15 year olds are sometimes rather emotionally immature, but they aren't idiots. a 15 year old can make far better then 'crude tools' himself, I've seen some really skilled 15 year olds. Once taught how to do something they can do it pretty well, and it only takes one smart 15 year old to figure out how to do something. Plus, if they live around smarter humans they just have to be taught by smarter people how to make better tools and then remember. In short, a race of 15 year olds should have more then 'crude tools'.

Bonobos have crude tools, bonobos raised by humans can cook meals over fire or on a stove, work light switches and even touchpads, and generally interact with the tools we provide them pretty well. If you make a species much smarter then bonobos your have to put more thought into how their intellect vs their tools interact to avoid the, all to common in fantasy, mistake of making 'primative' tribes that are too smart to continue living so primitively.

In particular if your orcs are near humans or other intelligent races they will be getting tech and ideas from those. Even if they are not smart enough to create they can be smart enough to USE it.
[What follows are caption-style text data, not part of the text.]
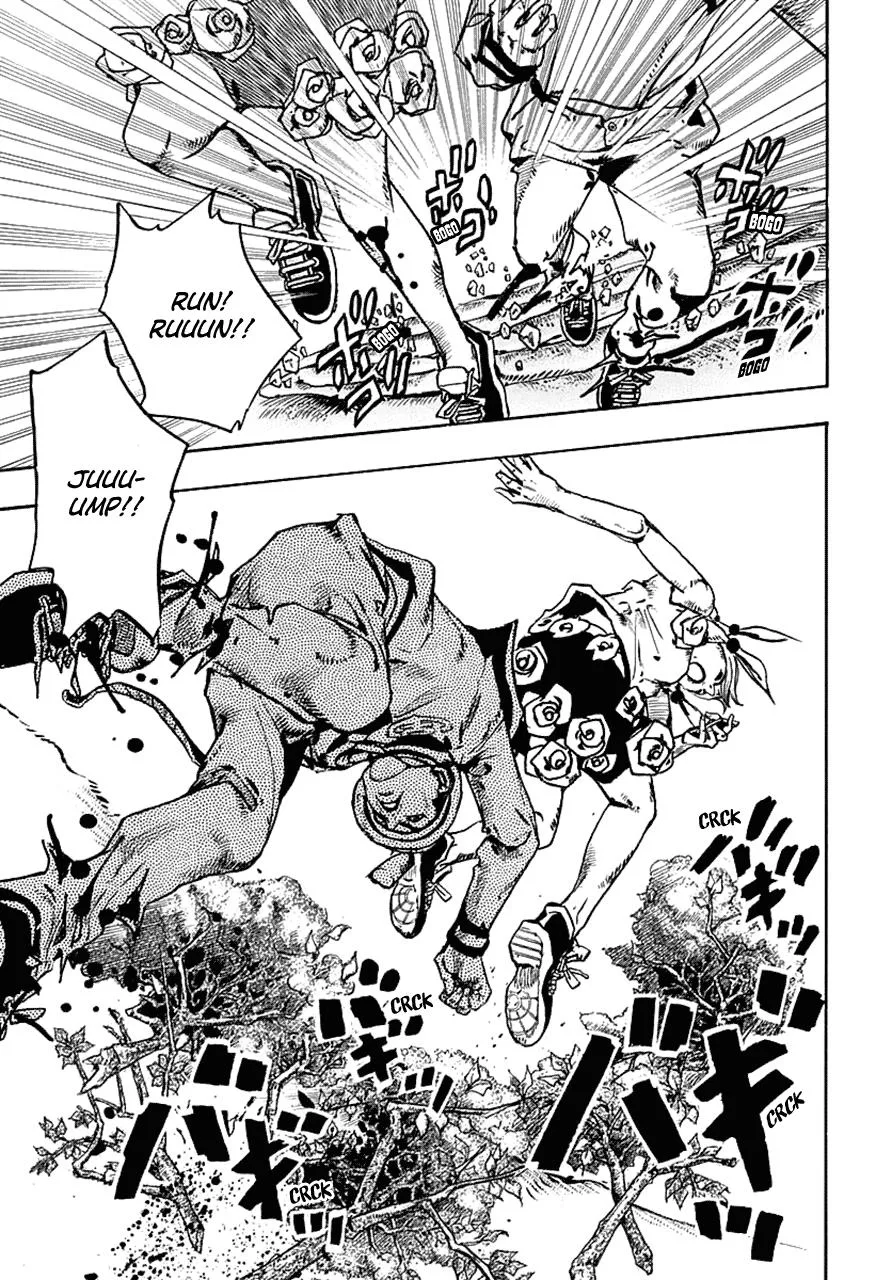JoJo's Bizarre Adventure - Chapter 915 - Page 29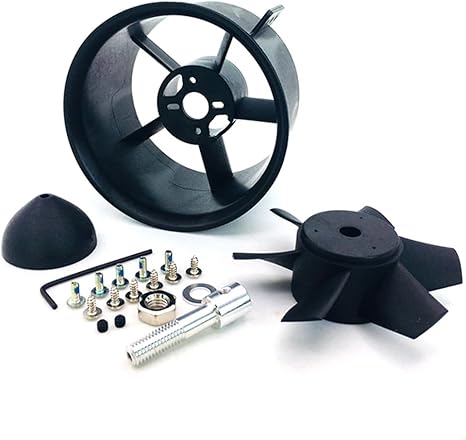rc ducted fan jet kits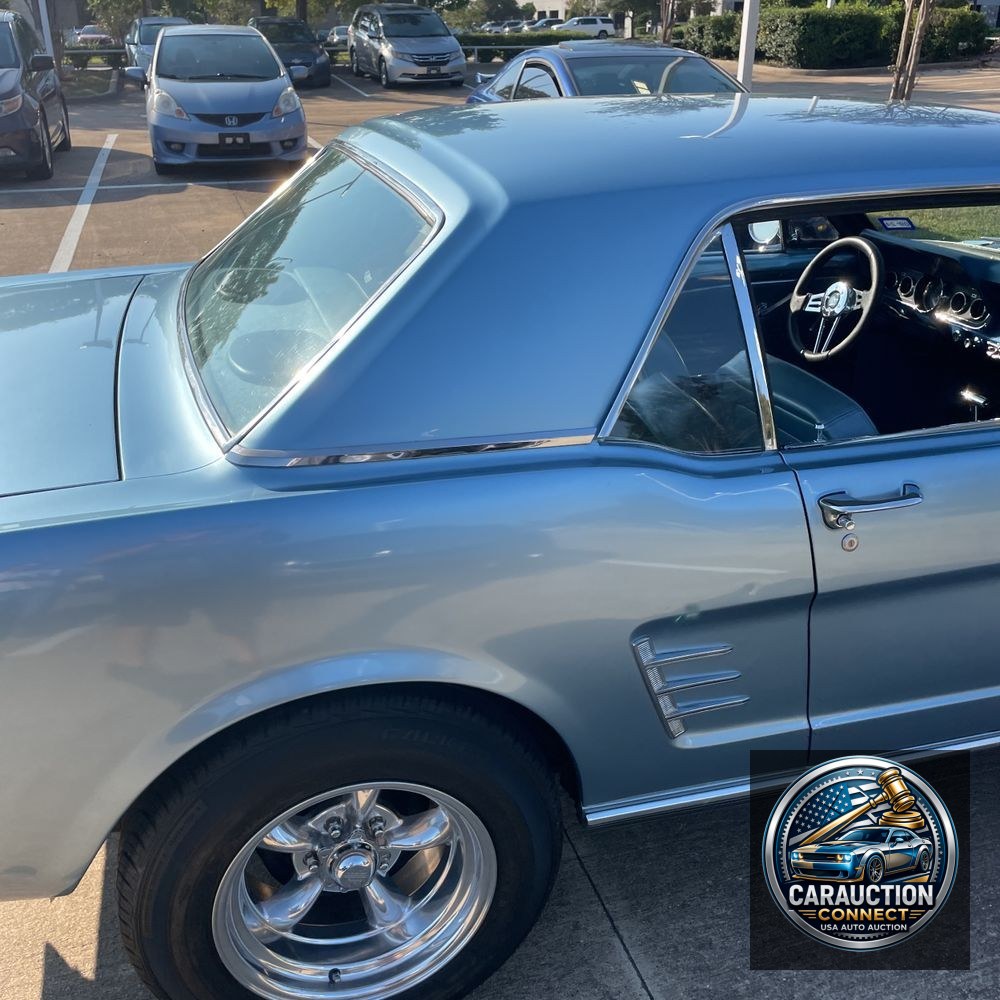 1966 Ford Mustang 36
You could have them be smart and their lack of tools is simply due to lack of resources to build or make them, the same way that third world countries still rely on 'primitive' hunting techniques for food because, even though anyone can tell them how to build advanced guns, they still don't have resources to make, craft, and maintain a large number of them. This would be the easiest approach to explain the tool vs intellect dependency. However, then you need to explain why they have limited resources, and why they don't just trade with, or raid, nearby humans for their goods.

Alternatively you can make them actually less intelligent, with actual cognitive limitations preventing understanding the use of advanced tools. However, if you do that your want to put some real thought into how to make culture and technology equivalent to their actual intellect. In particular avoid trying to say "their just like us humans, but stupid". They won't be able to have the same sort of conversations and philosophies as humans if they are less intelligent, this would also effect culture and beliefs and many things. Their cognitive difference will result in a very different species then humans. This is worth it's own separate world building question actually, development of culture and technology for a cognitively limited sapient species.

IF you want to go with hard science approach I could nitpick on some other minor details, though I think they are all small enough that you could be forgiven for taking poetic license on them. The rest is major nitpick and your welcome to skip it!!!!

First, sexual and mental maturity are awfully far away. Sexual and mental maturity should be closer together. Humans are much closer when it comes to our mental and sexual maturity. We may consider 20 to be be 'adult' now of days, but we have developed most of our mental abilities long before that, we have room to learn more, were always learning, but our cognitive abilities are mostly complete at a much closer age. Besides, if we reach sexual maturity around 10 then we would have to reach mental maturity at 30 to keep with your ratio.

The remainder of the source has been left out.